_How to complete this task:_ Exactly as written, return every line of the data below apart from the pictures.

──────── Data extract

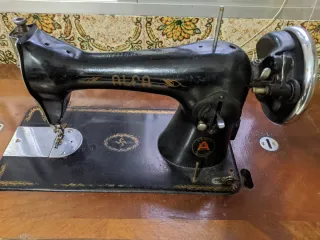 Máquina de coser antigua Alfa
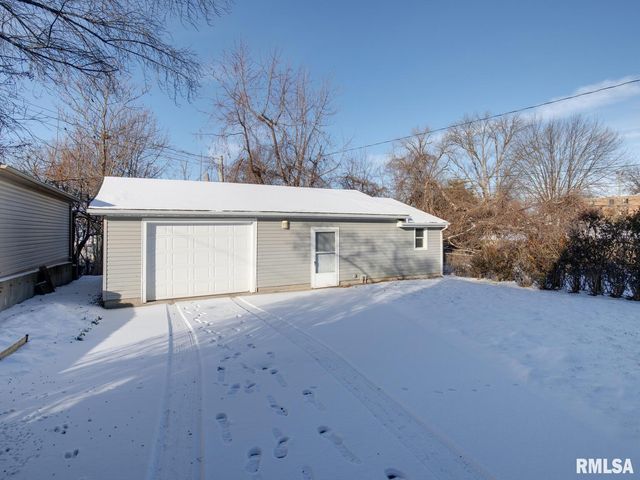 1235 N 8TH Street, Quincy, IL 62301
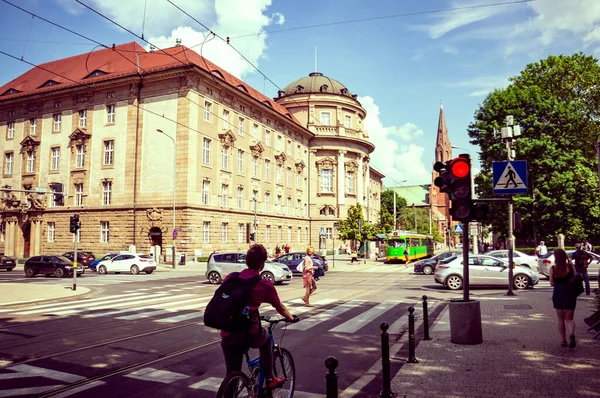 Poznan Poland 2019 Június Intersection Biker Cars Close University Science — Stock Fotó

────────────────

_Answer below:_
 Máquina de coser antigua Alfa
 1235 N 8TH Street, Quincy, IL 62301
 Poznan Poland 2019 Június Intersection Biker Cars Close University Science — Stock Fotó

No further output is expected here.